From 1950-1976 Law served as President of the Savannah chapter of the NAACP. During the 1960s, he led weekly mass meetings at Bolton Street Baptist Church and St. Philip A.M.E. Church during which he urged “passive resistance to segregation” and nonviolent protests. He was involved in efforts to desegregate Grayson Municipal Stadium, department store lunch counters on Broughton Street, and the beaches at Tybee Island. He led an eighteen-month boycott of Broughton Street merchants. Law is largely credited for helping to keep Savannah’s Civil Rights movement more peaceful than those in other southern cities. In 1961, he was fired from his postal job because of his Civil Rights activities, but reinstated after national NAACP leaders and President John F. Kennedy came to his defense.
After finishing his run as NAACP president, he focused his efforts on preserving Savannah’s African American History. He established the Savannah-Yamacraw Branch of the Association for the Study of Afro-American Life and History (ASALH), the King-Tisdell Cottage Museum, Beach Institute African American Cultural Center, the Ralph Mark Gilbert Civil Rights Museum, and the Negro Heritage Trail Tour. He also helped bring attention to and preserve Laurel Grove South Cemetery, the City’s historically African American municipal cemetery.
Law received honorary doctorates from the Savannah College of Art & Design and Savannah State University. He was honored by the National Trust for Historic Preservation and the Georgia Trust for Historic Preservation for his preservation efforts in the community. W. W. Law died on July 28, 2002 at his home in Savannah.
W. W. Law Photograph Collection
Record Series #: 1121-100
Name: W. W. Law Photograph Collection
Dates: 1868-2002, no date
Extent/Size: 20 document cases, 3 oversized boxes (11.63 cubic feet)
The W. W. Law Photograph Collection (1868-2002, no date) includes almost 4,000 catalogued photographs and images taken and collected by W. W. Law and Geneva W. Law during their lifetimes.

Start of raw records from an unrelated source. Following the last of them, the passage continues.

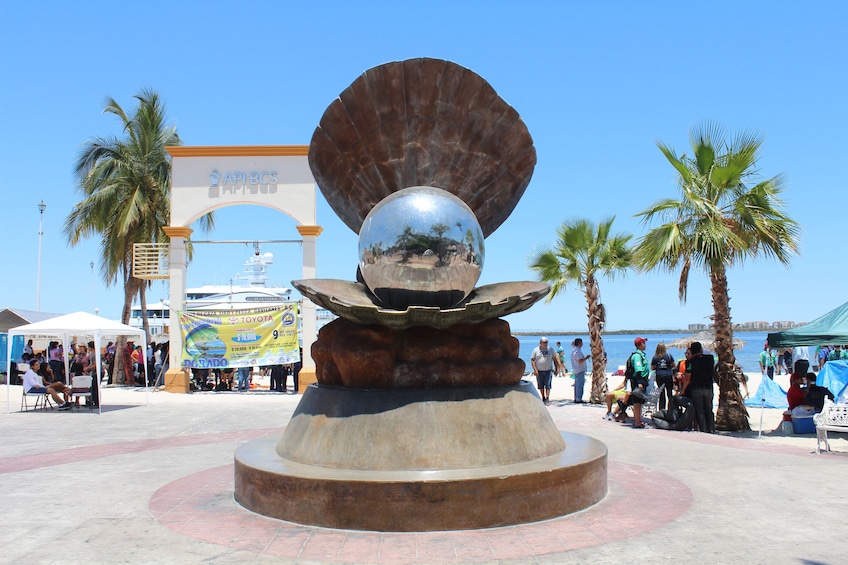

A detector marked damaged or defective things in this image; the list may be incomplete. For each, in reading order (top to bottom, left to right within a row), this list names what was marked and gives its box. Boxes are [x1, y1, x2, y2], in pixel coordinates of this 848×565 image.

rusted stone base [232, 382, 608, 532]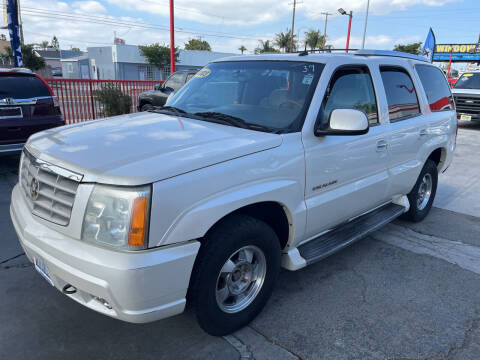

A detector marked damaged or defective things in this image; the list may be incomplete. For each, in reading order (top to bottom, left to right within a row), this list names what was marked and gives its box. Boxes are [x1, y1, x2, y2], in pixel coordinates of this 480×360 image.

cracked pavement [0, 122, 480, 358]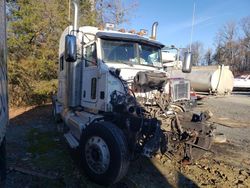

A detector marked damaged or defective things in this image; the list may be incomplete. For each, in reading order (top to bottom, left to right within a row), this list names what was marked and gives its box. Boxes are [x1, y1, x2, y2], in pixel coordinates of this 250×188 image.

damaged semi truck cab [53, 2, 211, 185]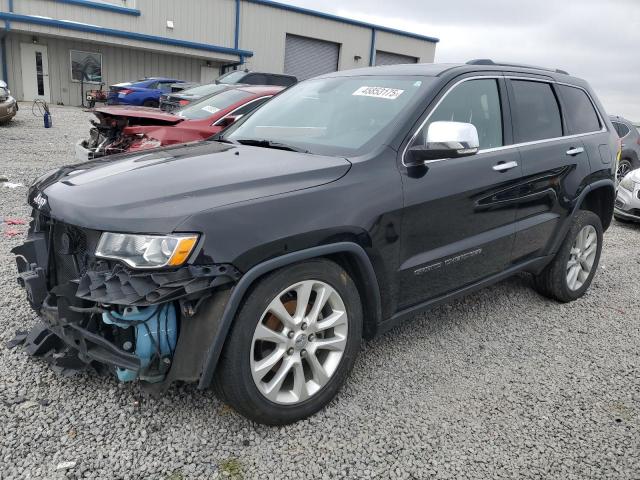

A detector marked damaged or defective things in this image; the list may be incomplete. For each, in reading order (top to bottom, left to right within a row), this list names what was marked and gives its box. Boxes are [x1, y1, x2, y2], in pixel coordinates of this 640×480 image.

red damaged car [75, 85, 282, 160]
crumpled hood [30, 141, 350, 232]
broken headlight assembly [95, 232, 198, 268]
damaged front end [12, 212, 242, 388]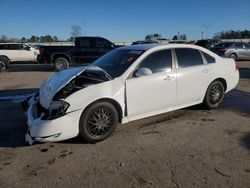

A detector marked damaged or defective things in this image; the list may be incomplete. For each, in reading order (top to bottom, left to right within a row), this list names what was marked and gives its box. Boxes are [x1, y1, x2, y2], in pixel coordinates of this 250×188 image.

front bumper damage [23, 94, 81, 145]
broken headlight [41, 100, 70, 120]
damaged front end [23, 66, 112, 145]
crumpled hood [38, 66, 100, 108]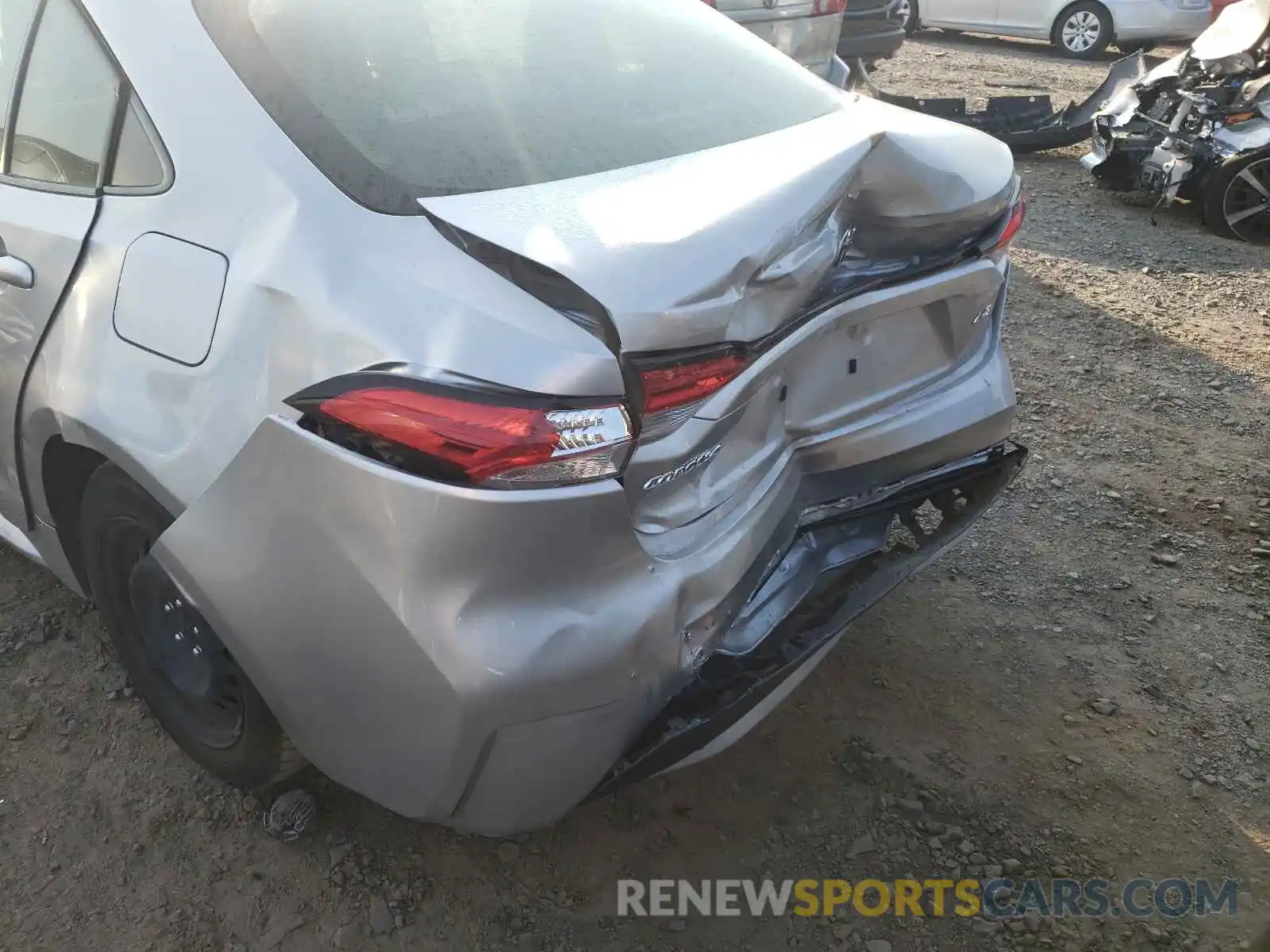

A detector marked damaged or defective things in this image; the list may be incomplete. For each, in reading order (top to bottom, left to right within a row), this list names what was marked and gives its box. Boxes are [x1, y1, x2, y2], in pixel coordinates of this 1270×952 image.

torn bumper cover [864, 53, 1153, 153]
wrecked car in background [1082, 0, 1270, 242]
wrecked car in background [0, 0, 1021, 832]
torn bumper cover [591, 444, 1021, 792]
damaged rear bumper [589, 441, 1026, 797]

Highlights of the collection include: images of local NAACP meetings and events during the 1960s Civil Rights movement in Savannah; views of historic Savannah African American churches, structures and cemeteries; photographs documenting the establishment and activities of the Savannah-Yamacraw Branch of the Association for the Study of Afro-American Life and History (ASALH), the King-Tisdell Cottage Museum, the Beach Institute African American Cultural Center, the Ralph Mark Gilbert Civil Rights Museum, and the Negro Heritage Trail Tour; as well as images of African American families and community leaders of the Savannah, Georgia area.
W. W. Law Art Collection
Record Series #: 1121-101
Name: W. W. Law Art Collection
Dates: 1849, 1895, 1964-1998 no date
Extent/Size: 158 items
The W. W. Law Art Collection (1849, 1895, 1964-1998, no date) includes 158 items of original, print and reproduction artwork collected by W. W. Law. The works represent a wide range of artistic styles, media and time periods, and include both Savannah, regional and national artists. Of note are works by Savannah artists Christopher Murphy, Jr. and Myrtle Jones, Chicago artists Margaret T. Burroughs and William S. Carter, and regional artists who W. W. Law helped get their start through exhibits at the King-Tisdell Cottage like Jonathan Green.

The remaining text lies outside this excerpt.